Неизвестно, как он воспринимал неизбежность того, что смерть ему придется принять не на поле брани, как подобает «свирепому псу» и багатуру, а в теплой юрте у недымной китайской жаровни, наполненной алеющими угольями, укрытому мягким бобровым одеялом и не под звон разящего металла, а завывания за войлочной перегородкой женщин, да глухие удары бубна дежурного жреца. И может быть, поэтому последним желанием Субэдэя было ощутить, сжать слабеющими пальцами рукоять меча, нащупав его перекрестье и холод клинка, быть может, после этого он попросил, чтобы его вынесли наружу — попрощаться со своим последним любимым скакуном… Какие картины из прожитой долгой жизни мелькали перед его затухающим взором? Был ли это «пир на костях», который они с Джэбэ устроили после побоища на Калке, под проклятья и стоны умирающих? Или ему привиделась мать, поившая его, только-только начавшего ходить младенца, кислым кобыльим молоком из большой деревянной чашки, или отец, подсаживающий его на смирного старого мерина? А может, перед ним всплыл образ Тэмуджина — молодого, хищного вождя, еще не Чингисхана, но в голубых, холодных глазах которого уже светилось зарево пожаров, охвативших весь тогдашний мир?
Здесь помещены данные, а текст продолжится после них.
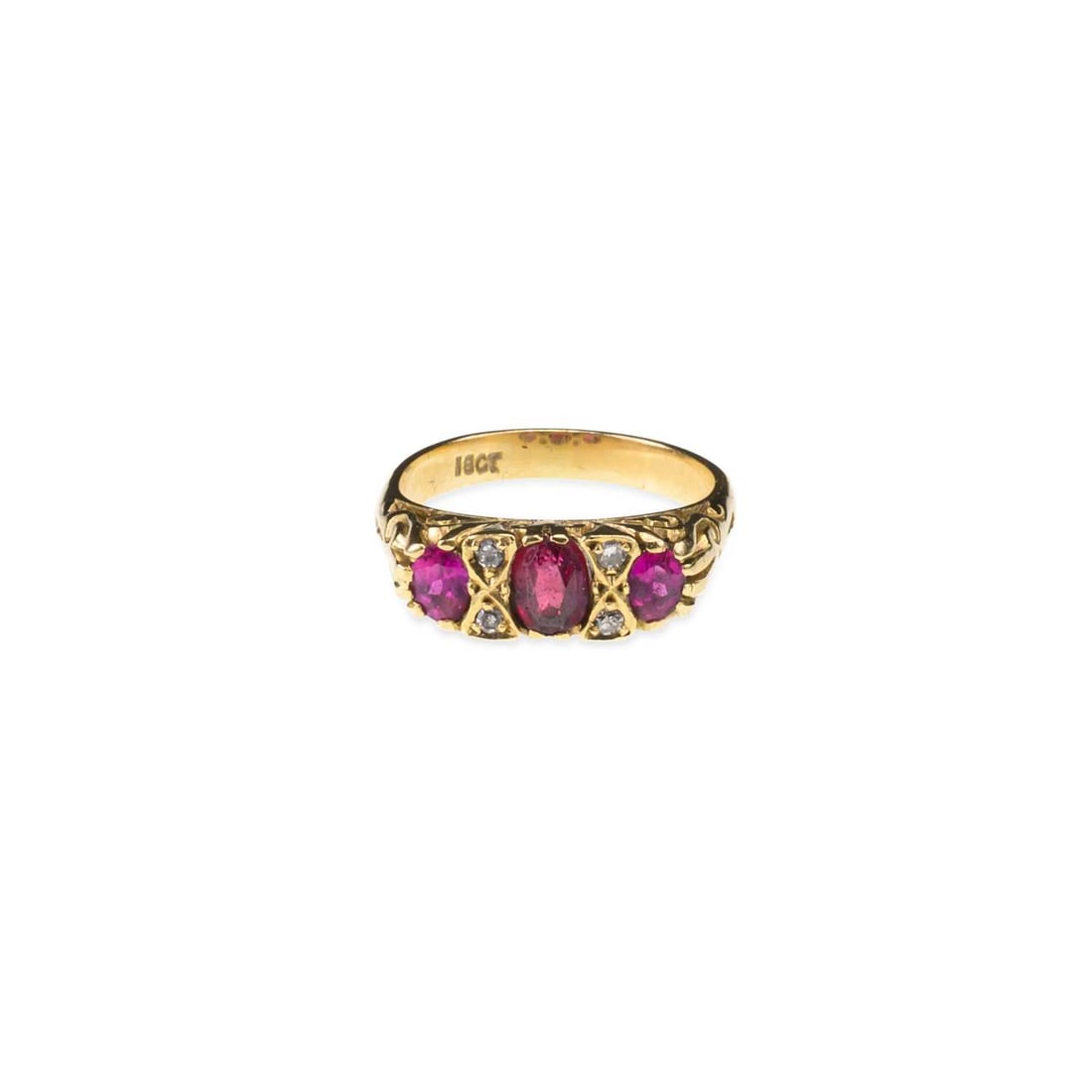 A GARNET TOPPED DOUBLET AND RUBY RING: A GARNET TOPPED DOUBLET AND RUBY RING an oval-cut garnet topped doublet spaced by pairs of oval-cut rubies, spaced by diamond accents, stamped '18CT'. Ring size I, 4.5 grams Good condition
Субэдэй-багатур умирал, а его улигэрчи, взобравшись на небольшую сопку, что возвышалась чуть поодаль от последней ставки Воителя, обратив взор к небесам, протяжно и зловеще, горловым пением хууми затянул последнюю для Субэдэя бесконечно долгую песнь-молитву:
О небо синее, услышь мой вопль-молитву,
Монгола-воина с железным сердцем!
Я привязал всю жизнь свою к острому мечу и гибкому копью.
И бросился в суровые походы, как голодный барс.
Молю: не дай мне смерти слабым стариком
Под вопли жен и вой святых шаманов!
Не дай мне смерти нищим под кустом
В степи под перезвон бредущих караванов!
А дай мне вновь услышать радостный призыв к войне!
Дай счастье броситься в толпе других отважных
На родины моей защиту от врагов
Вновь совершать суровые походы!
Очнись же, задремавший багатур, скорей седлай коня!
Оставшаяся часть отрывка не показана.